The proposed location for the CODCD project is critical for client attraction. Sydney harbours a lot of people from diverse cultural backgrounds. Because it is a capital city, the Sydney is a home for several people from different global destinations (Davies 2012). It is noteworthy to indicate that the proposed project is expected to serve the international community. Therefore, its intended operations must consider various multicultural concerns. This consideration shall ensure adequate client satisfaction. Additionally, the client base is expected to expansively grow. One of the critical services to be offered includes academic training. Apart from this, the centre shall offer capacity building and knowledge management to most medical staff. Indicatively, this will occur within the expansive local and global community. The basic implication is that there must be crucial consideration of the quality service standards (Siddique 2007, p. 35). The construction processes must also provide room for the different social groups and categories of clients. Most people suffering from notable lifestyle diseases will also be part of the client population. The constructions and operations must present provisions for basic services for the disabled clients.

The Procurement Approach

The intensive construction operations in the proposed project require a strategic methodology for procurement. It is also evident that the operations within the centre shall largely depend on a robust system for procurement. Therefore, all responsible teams must identify and employ transformative approaches to procurement. These considerations enable effective operations and completion of contrition and management tasks. The utilization of advanced technology is appropriate (Isbister & Bryant 2008, p. 20). This should be coupled with a high system for monitoring and evaluation. Particularly, all the procurement processes must be effectively monitored and recorded. This is important in alleviating instances of theft, material and monetary loss. Procurement entails the processes undertaken to obtain and convey raw material and service to the appropriate consumers.

The team involved in the development will ensure the extraction of maximum gain from the process of procurement. Ideally, there should be direct savings on the expenses. This must be attained through reduced prices. Value additions can also be applied to reinforce the existing procurement efficiencies. The application of procurement procedures such as freight efficiencies and visibility is critical in enhancing the successful operations. Relevant technologies must accompany the strategic procurement methodologies. An explicit explanation for all the costs to be incurred in acquiring the building materials is necessary (Siddique 2007, p. 50). Of course this involves all the raw materials, engineering works as well as the necessary fitments.
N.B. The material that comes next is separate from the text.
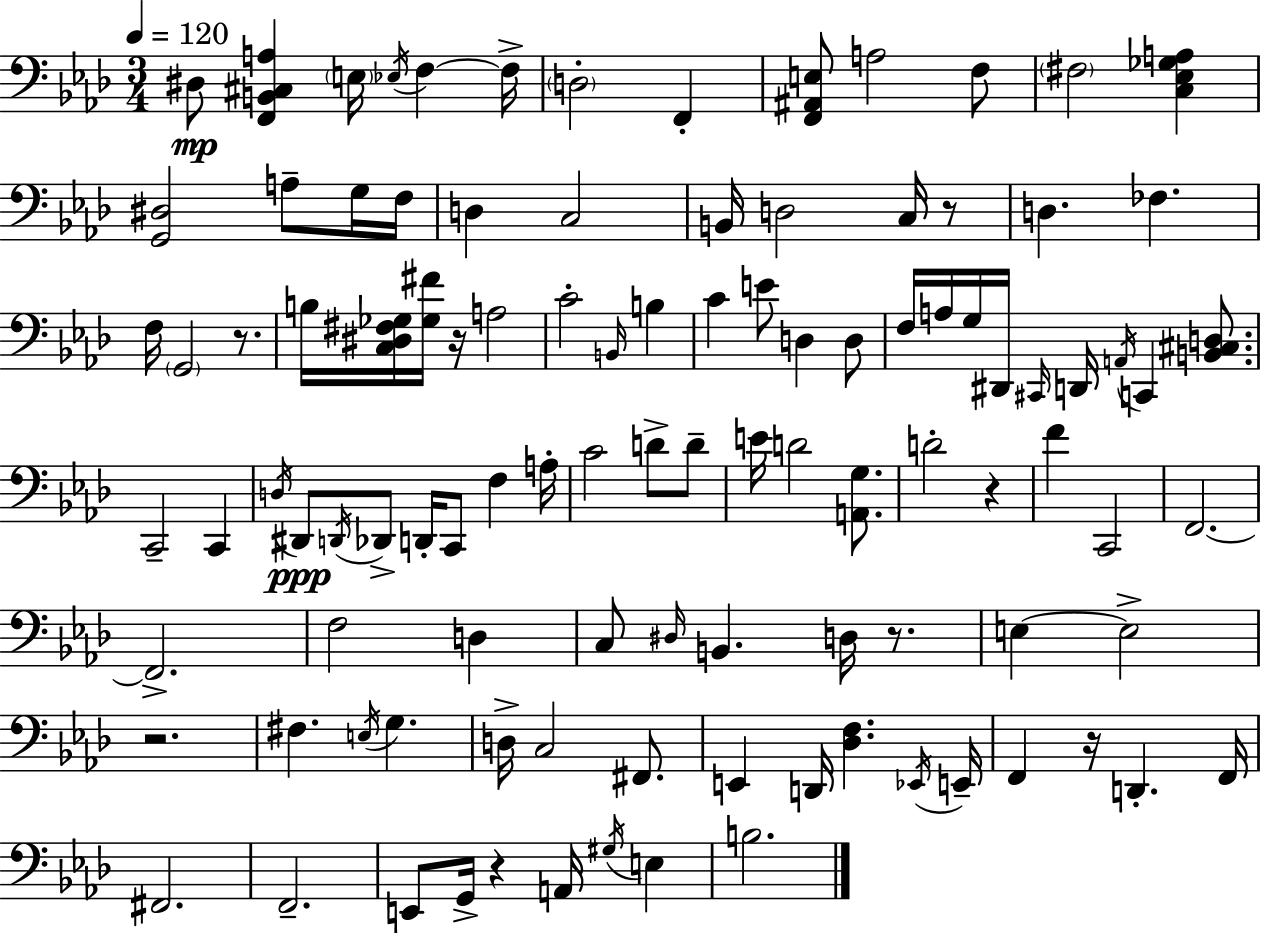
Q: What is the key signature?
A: AES major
These observations necessitate a comprehensive and strategic approach to procurement process.

The Project Location and the General Physical Environment

Observably, the proposed project location lies within a busy town environment. There is adequate transport network within the proposed area of location. Notably, the presence of other high rise buildings within this area provides an ambient environment for the location. The physical planning codes for the city provides effective benchmarks and control regulations for the development control process. The city of location provides ambient habitat for a large population. There is an adequate human resource and skilled personnel within the city. The presence of modern infrastructure and social amenities is important (Isbister & Bryant 2008, p. 31). The readily available information technology might be applicable to enhance the delivery of efficient services. The proposed development is uniform and fits the development control regulations stipulated by the physical planners. The area is dominated by high rise buildings and highly developed physical infrastructure. The nearby train station and airport offer crucial transport infrastructure. Generally, the proposed site of the project provides the best location and physical environment.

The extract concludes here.